Look below for the line containing "CMMG Dissent MK4"; from there, print each line exactly up to and including the line containing "Edit Points Program", and stop.

### DATASET CONTENT
*** Block opens ***
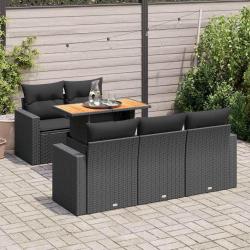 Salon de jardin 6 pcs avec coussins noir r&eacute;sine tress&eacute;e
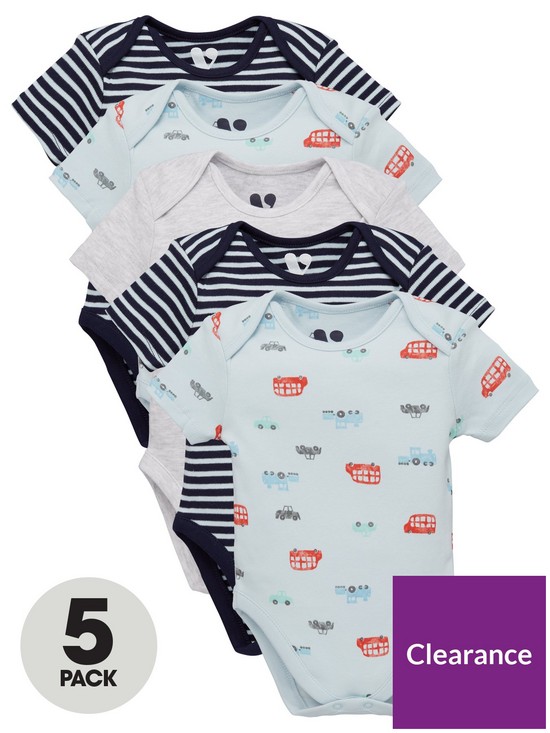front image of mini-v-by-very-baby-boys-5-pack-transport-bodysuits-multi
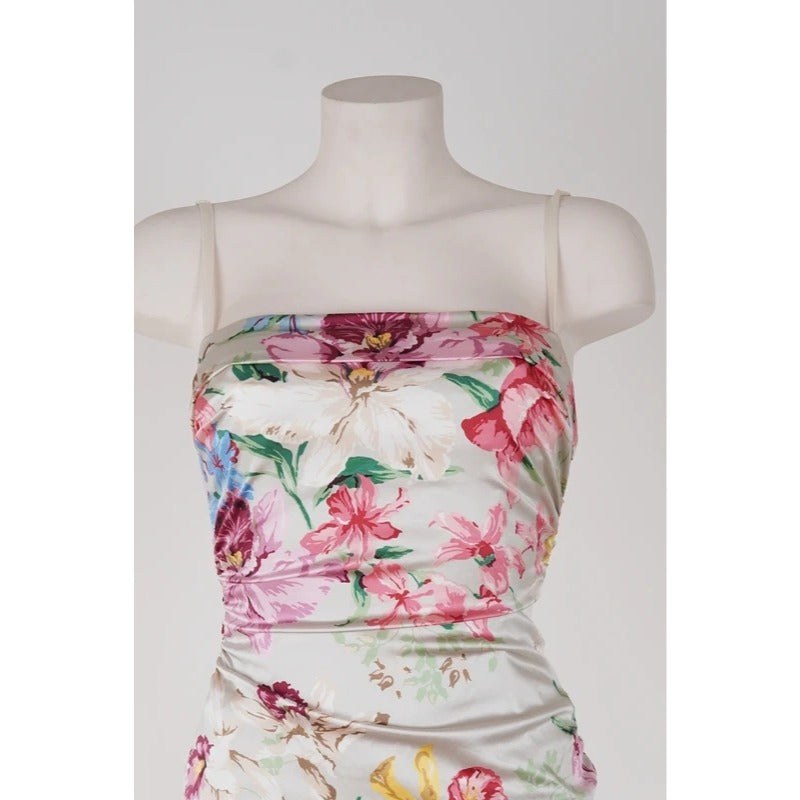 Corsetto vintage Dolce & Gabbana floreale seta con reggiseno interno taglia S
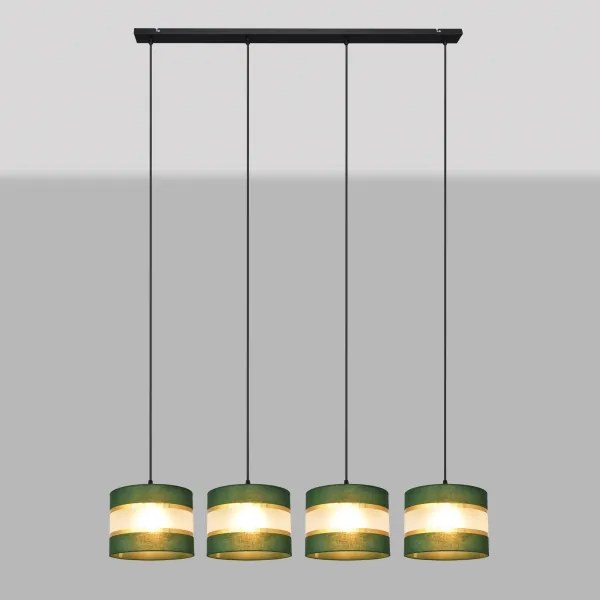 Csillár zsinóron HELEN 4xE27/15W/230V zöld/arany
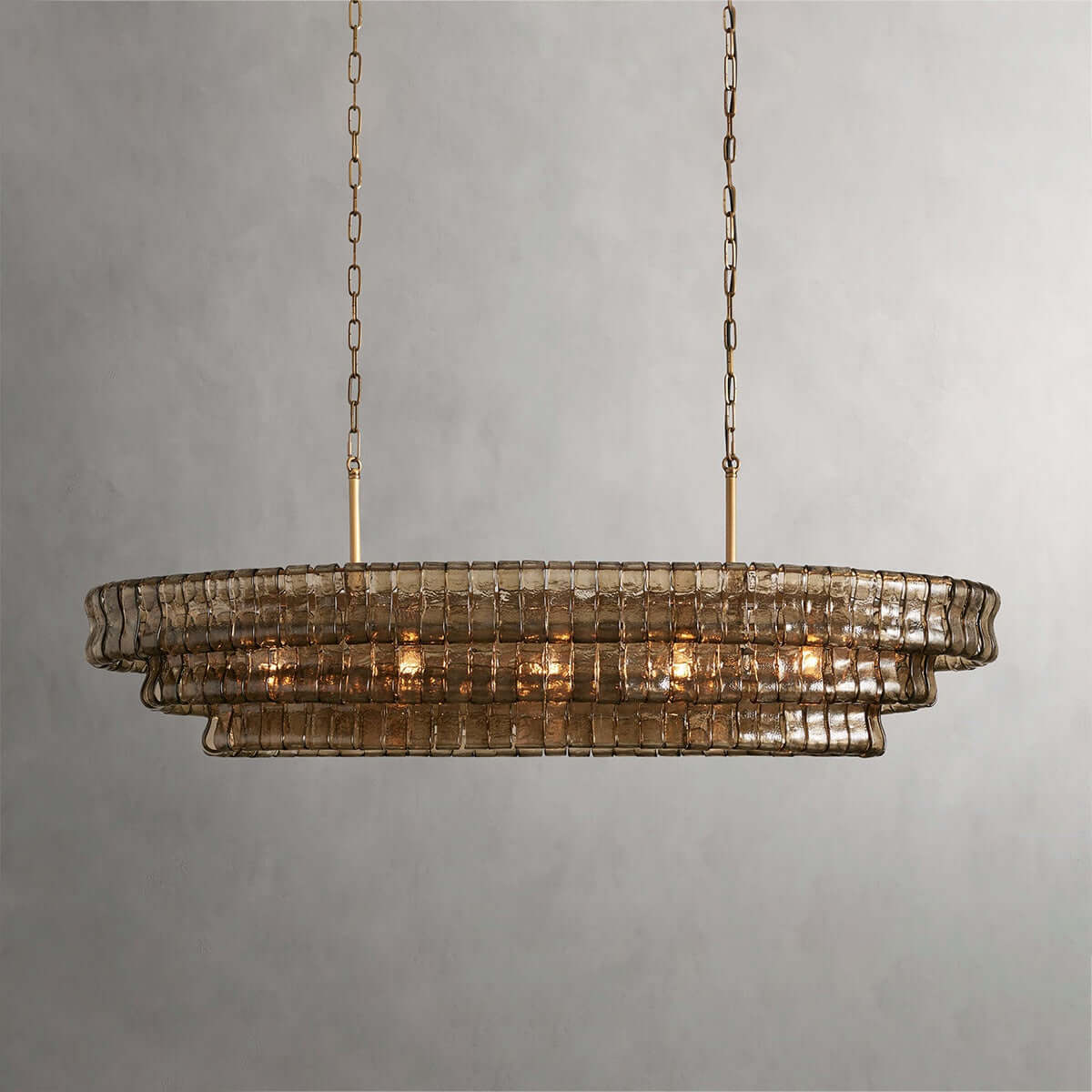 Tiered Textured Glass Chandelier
*** Block closes ***
*** Block opens ***
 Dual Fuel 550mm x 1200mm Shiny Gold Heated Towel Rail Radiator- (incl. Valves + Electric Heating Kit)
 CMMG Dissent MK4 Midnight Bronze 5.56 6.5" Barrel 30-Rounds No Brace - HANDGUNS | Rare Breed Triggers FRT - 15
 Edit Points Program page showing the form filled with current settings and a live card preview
*** Block closes ***
*** Block opens ***
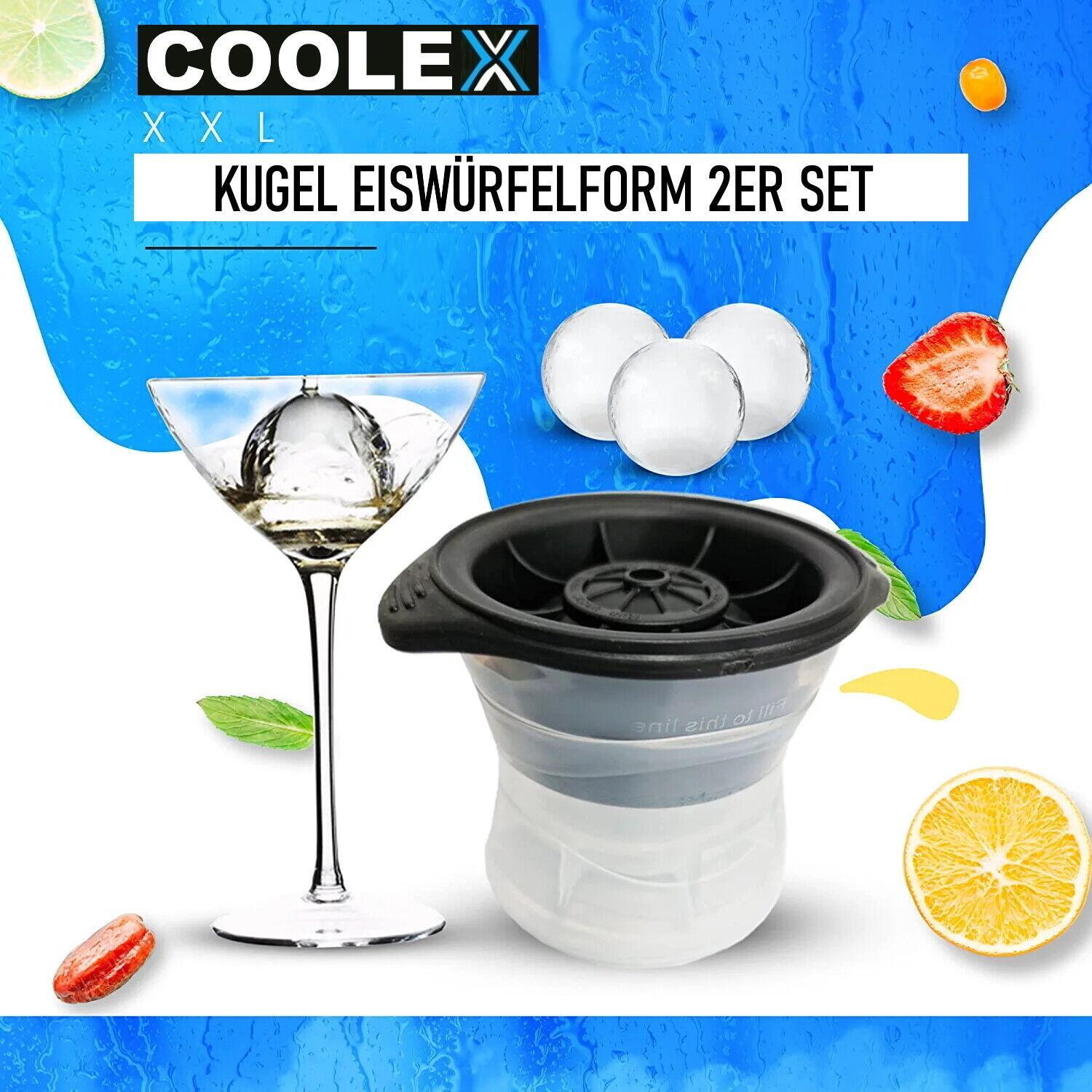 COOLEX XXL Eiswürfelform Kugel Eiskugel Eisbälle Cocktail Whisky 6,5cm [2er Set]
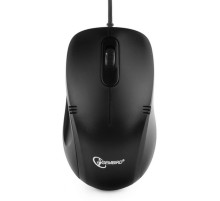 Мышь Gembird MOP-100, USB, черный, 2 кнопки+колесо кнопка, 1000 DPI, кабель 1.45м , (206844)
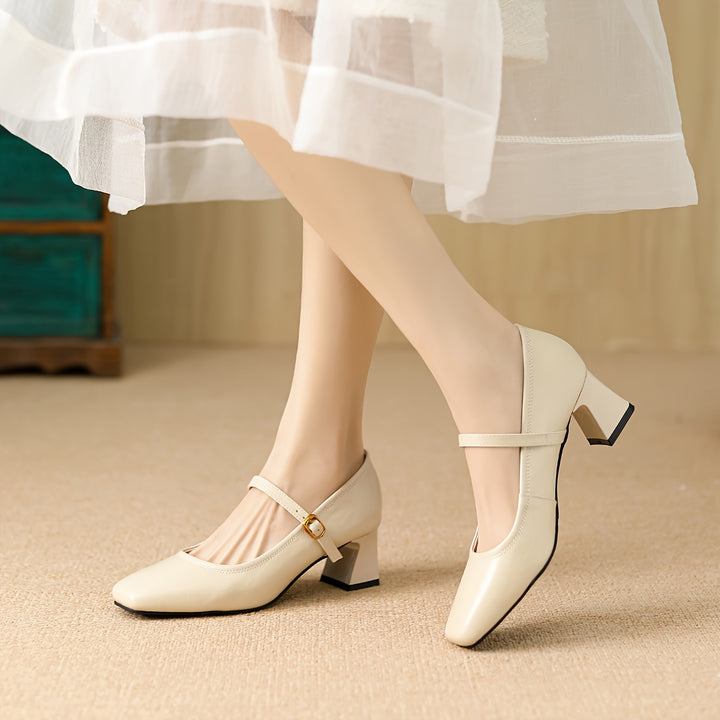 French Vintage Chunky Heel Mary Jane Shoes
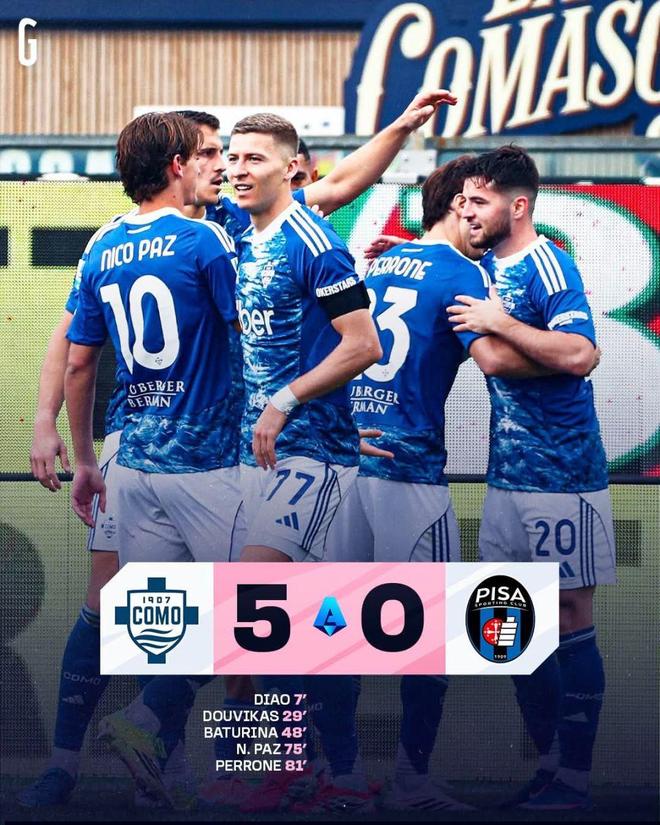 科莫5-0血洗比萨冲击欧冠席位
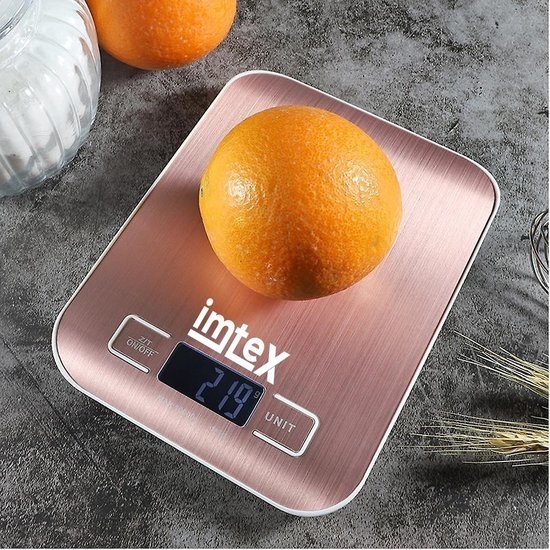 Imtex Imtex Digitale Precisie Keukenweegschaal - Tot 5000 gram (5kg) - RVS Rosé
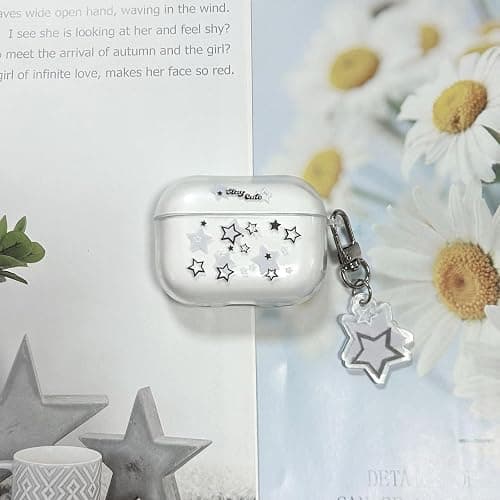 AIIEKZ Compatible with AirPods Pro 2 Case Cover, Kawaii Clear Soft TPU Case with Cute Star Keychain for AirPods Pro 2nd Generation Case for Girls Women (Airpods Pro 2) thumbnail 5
*** Block closes ***
### PROBLEM SOLUTION
 CMMG Dissent MK4 Midnight Bronze 5.56 6.5" Barrel 30-Rounds No Brace - HANDGUNS | Rare Breed Triggers FRT - 15
 Edit Points Program page showing the form filled with current settings and a live card preview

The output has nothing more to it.